##### RECORDS PROVIDED

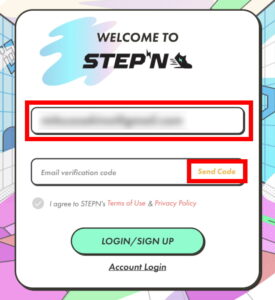 STEPNの始め方_STEPNのインストール_103_メールアドレス入力しsend codeをタップ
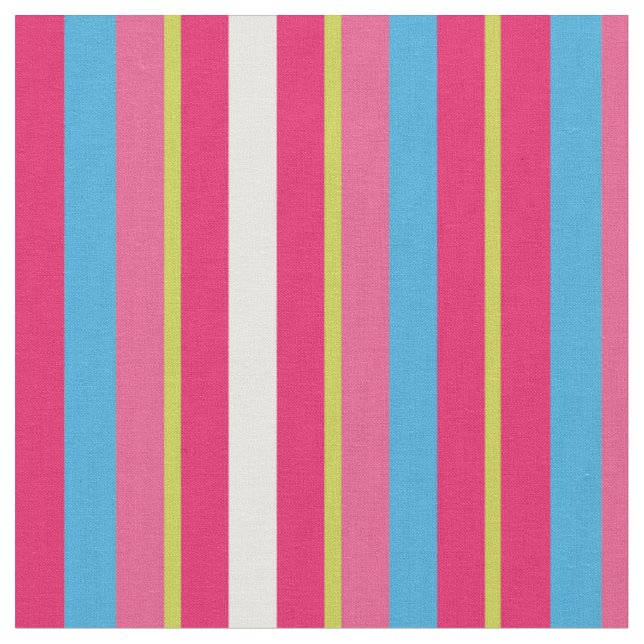 Tela Divertido colorido Multi Stripes (De cerca)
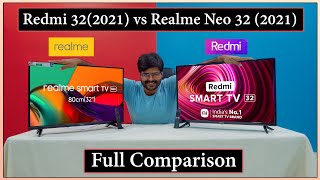 Redmi Smart TV 32 Inch vs Realme Smart TV Neo 32 Inch TV Comaprison in Detail 🔥🔥 [upl. by Nnayelhsa]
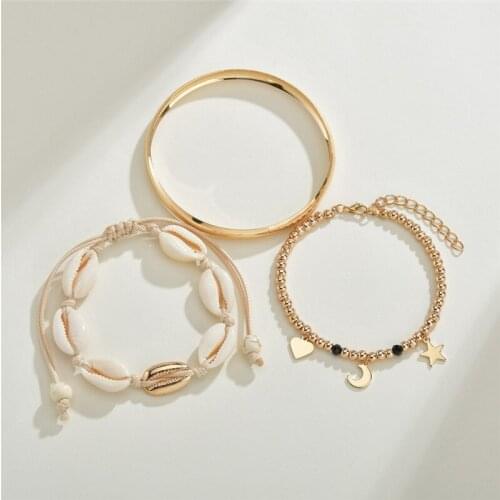 Heart Star Multilayer Shell Bead Rope Chain Bracelet Women Beach Sea Shell Bracelet Bangle Jewelry Party charm bracelets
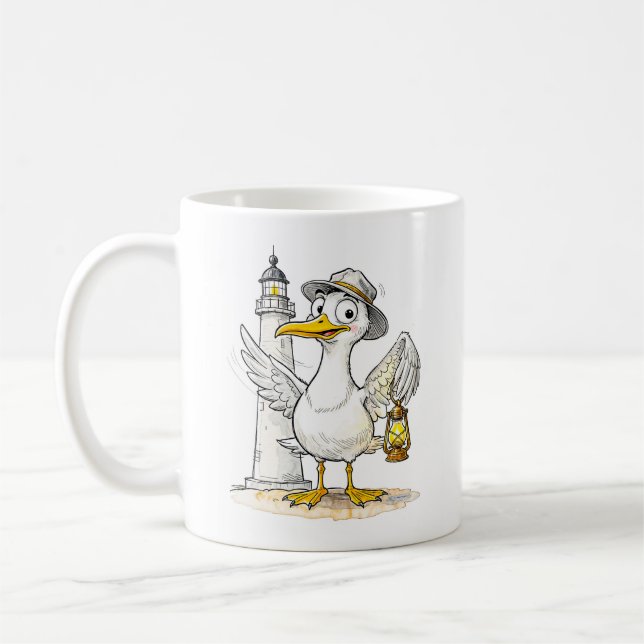 Möwen-Comic-Leuchtturm-Laterne Kaffeetasse (Links)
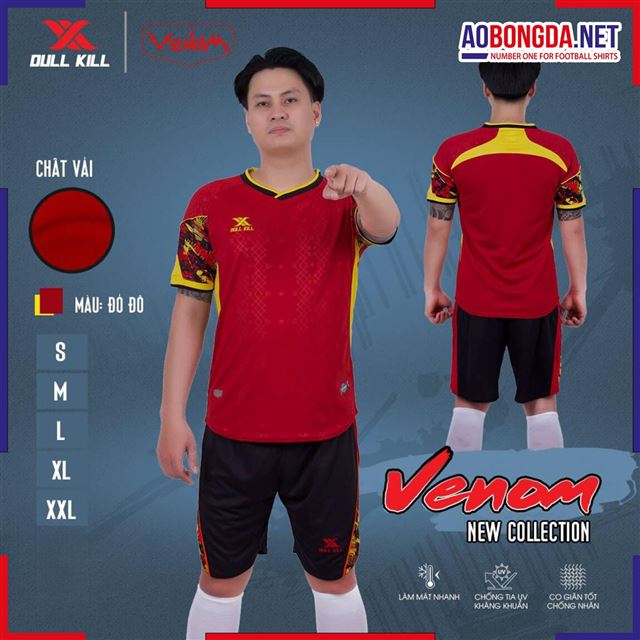 Áo Bóng Đá không Logo Dullkill Venom Đỏ Đô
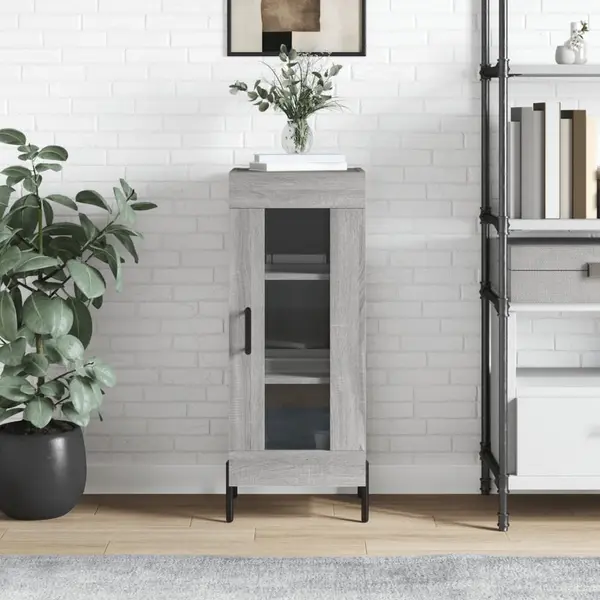 Gossi servanta, gri sonoma, 34,5x34x90 cm, lemn compozit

##########

→ **WHAT THE EXERCISE ASKS**
Find the line with "Möwen-Comic-Leuchtturm-Laterne Kaffeetasse (Links)" in the listing and extract it and all lines after it through the end, exactly, without the pictures.

→ **RESPONSE AREA**
 Möwen-Comic-Leuchtturm-Laterne Kaffeetasse (Links)
 Áo Bóng Đá không Logo Dullkill Venom Đỏ Đô
 Gossi servanta, gri sonoma, 34,5x34x90 cm, lemn compozit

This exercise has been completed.